The bid to cover ratio, a measure of auction demand, was 3.70 bids submitted for every 1 accepted by TSY. This well above average BTC ratio illustrates strong demand for the 2-year note.
The high yield, another measure of auction demand, was 0.52%. This is 1.05bps below the 1pm WI yield of 0.531%. The fact that the auction's high yield was lower than the market's pre-auction pricing indication implies bidding was aggressive. This makes sense as 2s were able to build a healthy pre-auction concession vs. the curve and outright. View this is bargain buying.
Primary dealers added $16.4 billion in new inventory or 47.4% of the competitive bid. This is a below average award for dealers who were slightly less aggressive than usual with an 18.7% hit rate.
Directs bid on $17.9bn 2s and were awarded $4.9 billion or 14.4% of the competitive bid and 27.9% of what they bid on.
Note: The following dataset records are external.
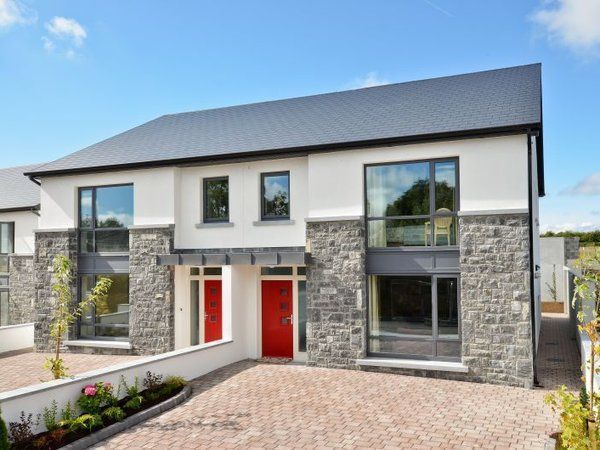 A white house with a black roof and red doors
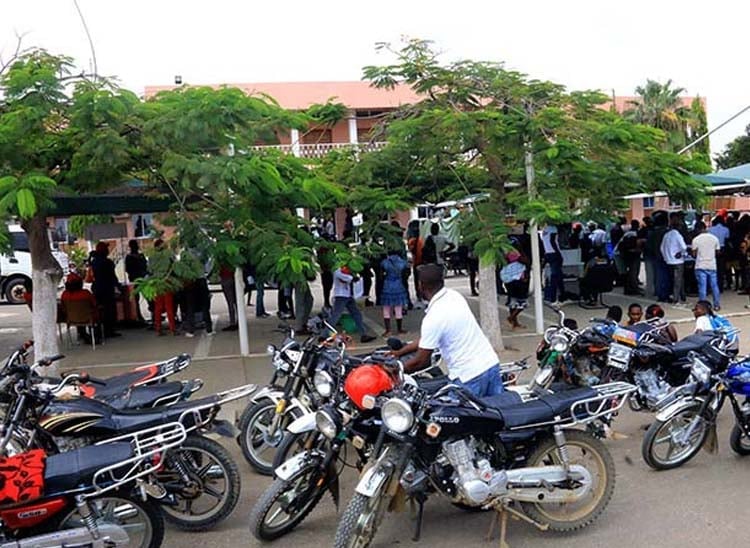 Motorcycles parked in foreground with crowds gathering under trees in an open-air market or community event setting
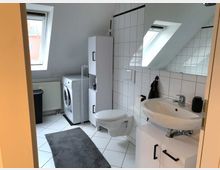 Modernes Badezimmer mit weiß gefliesten Wänden und schräger Decke mit Dachfenstern. Im Raum befinden sich ein Waschbecken mit Unterschrank, eine Toilette, eine Waschmaschine und ein Heizkörper; der Boden ist mit weißen Fliesen und einem grauen Teppich ausgestattet.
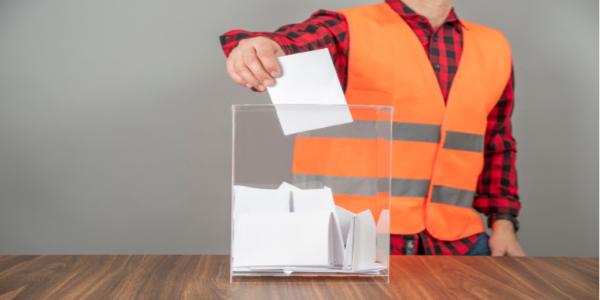 A union voter casting a ballot in a ballot box on union election day.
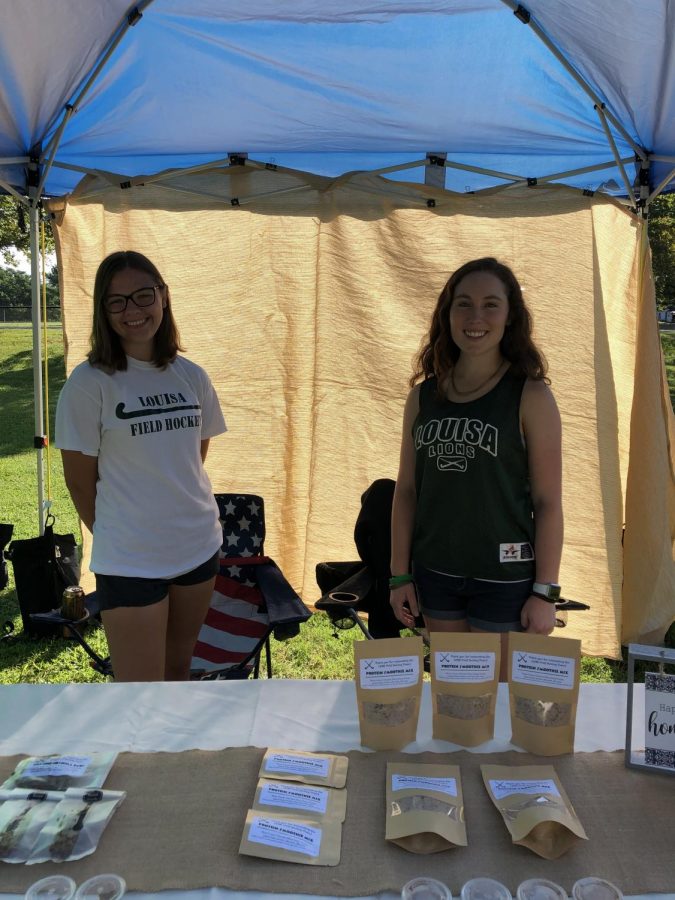 Seniors, Ali Downey and Lydia Gillespie working at the Mineral Farmers Market to raise money for Field Hockey. 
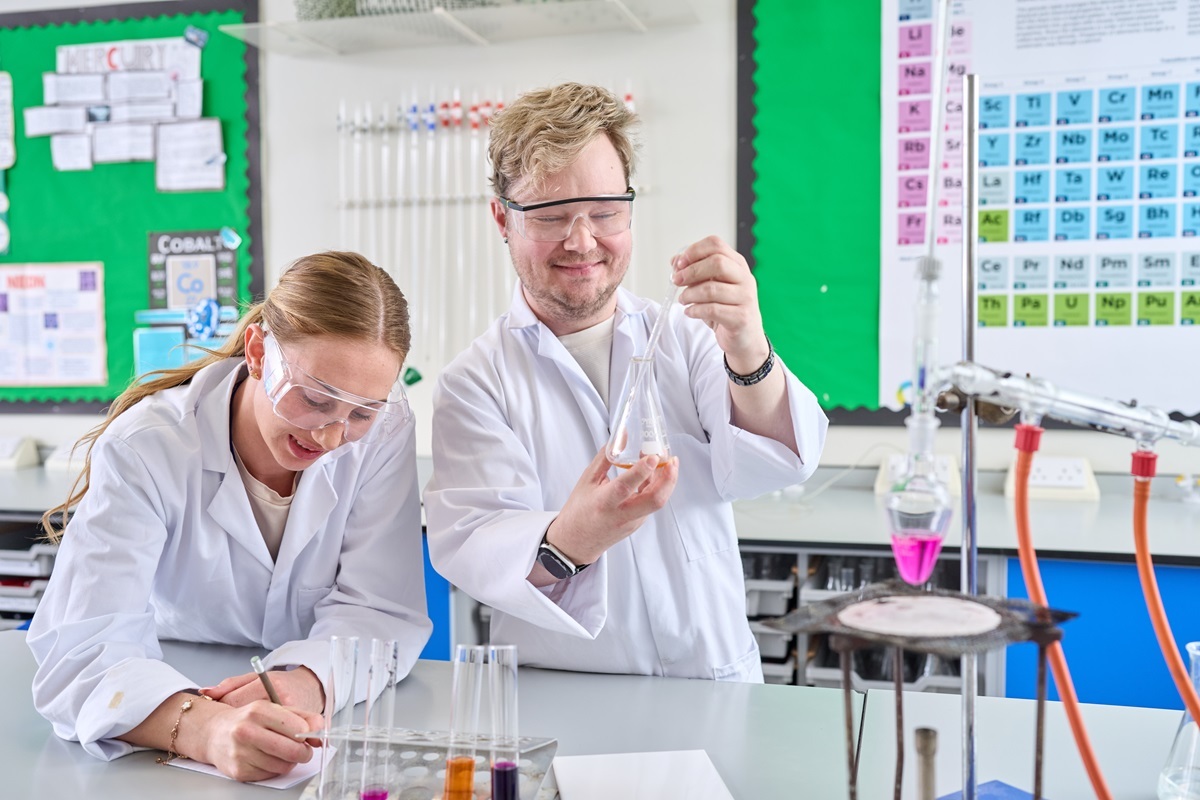 Two students undertake a chemistry experiment Access to HE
This is an average takedown for directs.
Although indirect buyers failed to match their previous two 2-year note awards, they still took home 38.3% of the competitive bid and 57.0% of what they bid on. The auction award is above average but the hit rate was not indicative of an uber-aggressive strategy.
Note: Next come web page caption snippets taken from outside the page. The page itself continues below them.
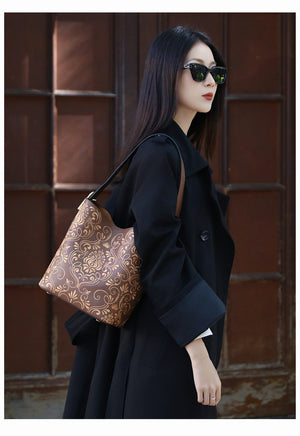 Chinese embroidered bucket bag styled for modern Chinese outfits and elegant daily carry featuring Dunhuang Scroll Grass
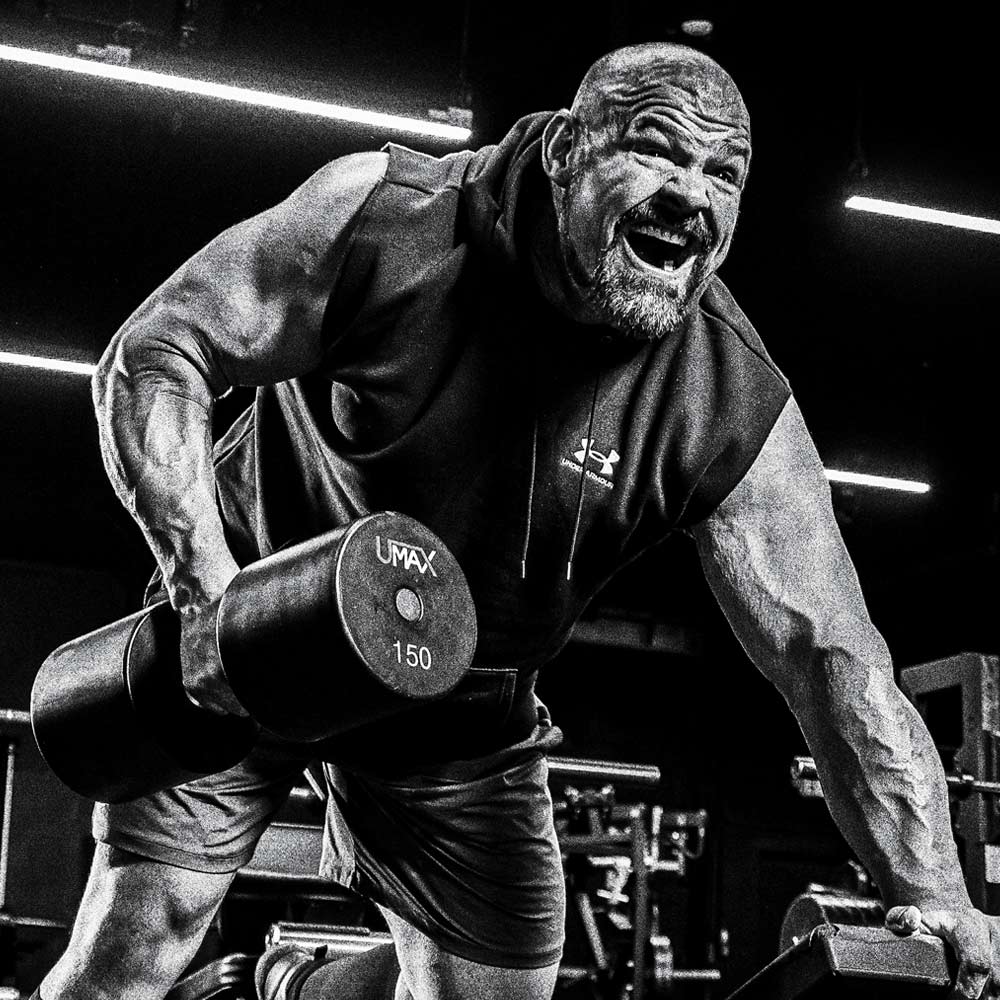 Brian Shaw in a gym lifting a 150 lb dumbbell, wearing a sleeveless Under Armour hoodie and shorts. The photo is in high-contrast black and white, with bright gym lights in the background.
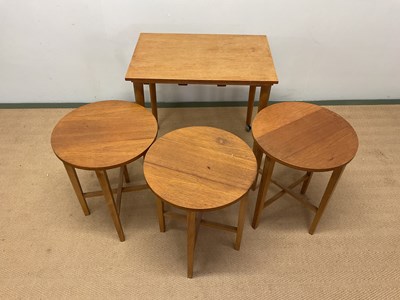 Lot 695 - A mid century Danish nest of tables, the teak...
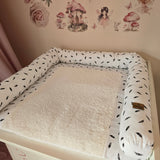 Wickeltischschlange Feder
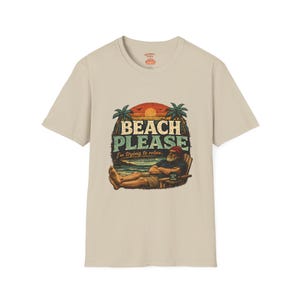 A t-shirt with a graphic design featuring a man relaxing on a beach with palm trees and a sunset in the background. The text on the t-shirt says "BEACH PLEASE I'M DYING TO RELAX".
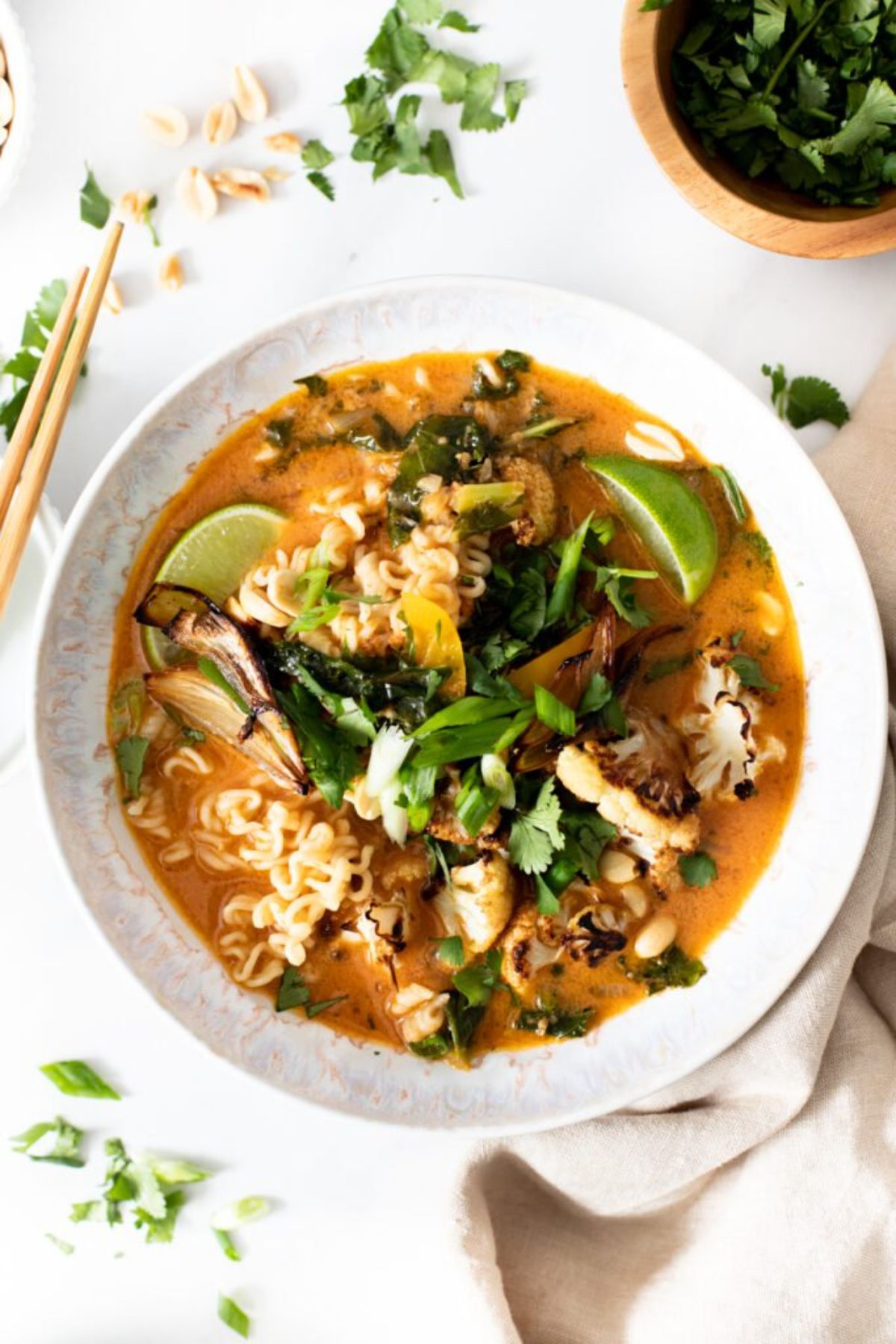 Thai peanut ramen in a whote bowl topped with fresh chopped coriander and peanuts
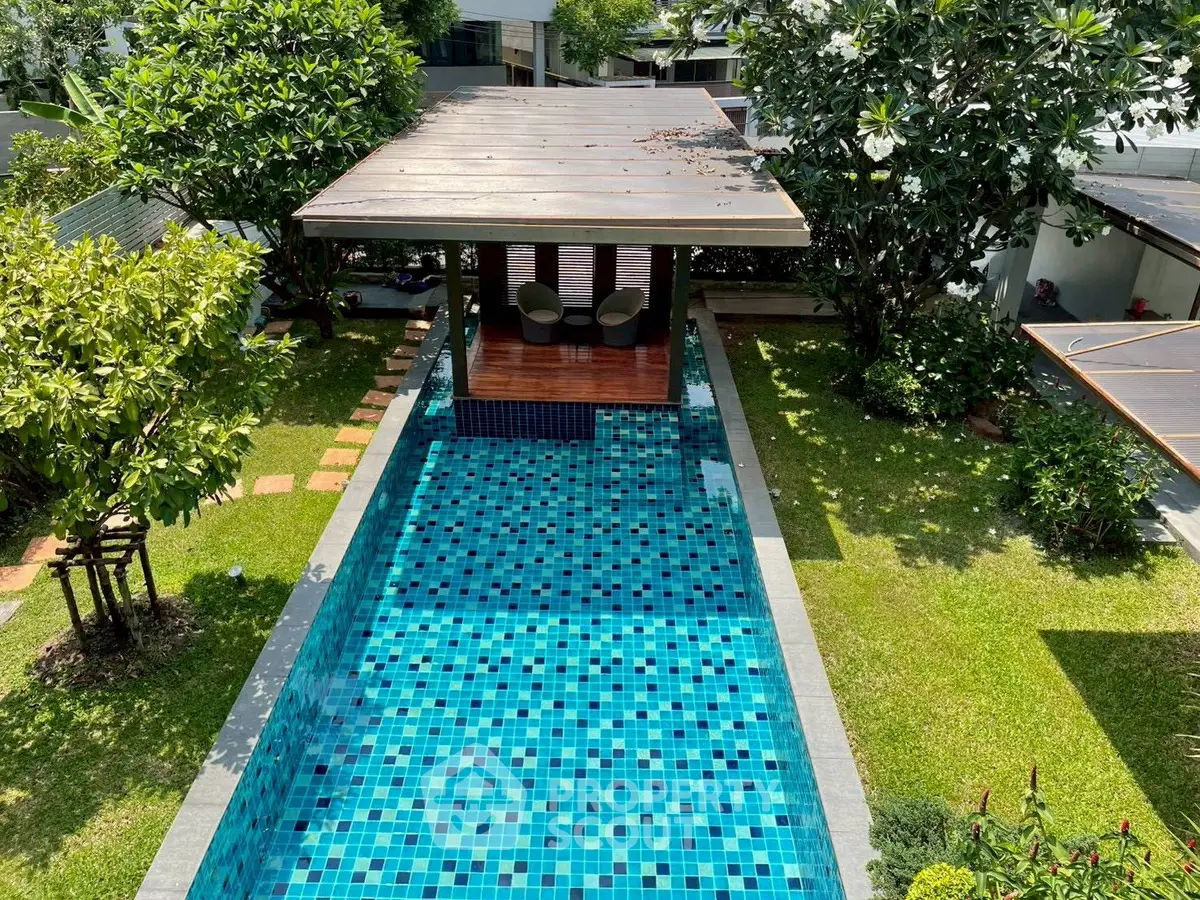 Luxurious private pool with lush garden and stylish gazebo, perfect for relaxation and entertainment.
Plain and Simple: That makes for three slightly less aggressive auction award breakdowns but two strong auction demand metrics (BTC and High Yield). It would appear that all three account categories (the street, directs, and indirects) wanted a chunk of this issue, thus the award was spread out pretty evenly (relative to averages). Although the market was more than willing to let supply cheapen, buyers showed up to cover. For now I see no reason to believe overseas buyers are backing out of our debt
Market Reaction....
The 2s/10s curve is steeper as dealers distribute 2s while the "getting is good". 10s seem to have printed a local high price and are now retesting the price lows of the day. No bid deal though. The 10yr note is currently +11/32 at 98-05+ yielding 2.837%. We hope to see 10s find support around 2.84%-2.85% as this would be another indication that the QEII cleansing process is nearing completion. Production MBS coupons have traded in a tight range all day but we have just touched the intraday lows. The January FNCL 4.0 fell a whopping 3/32 as the auction results flashed (Note sarcasm re: nosedive).
Plain and Simple: the steeper shape of the curve in the minutes after the 2yr auction tells me the AM rally was more a function of auction supply concessions and the Fed's QEII purchases, which were focused in the 10yr sector. This would explain why the long end is underperforming in the aftermath of the auction. That trade was tactical and is being unwound as 2yr supply is distributed by the street. However, in the spirit of the QEII cleansing process, we hope to see some bargain buying if 10s retest 2.84/85. (124-26 in TY)
We'll have an update out soon with charts. For now we're on the defensive as the potential for chopatility in yields remains high.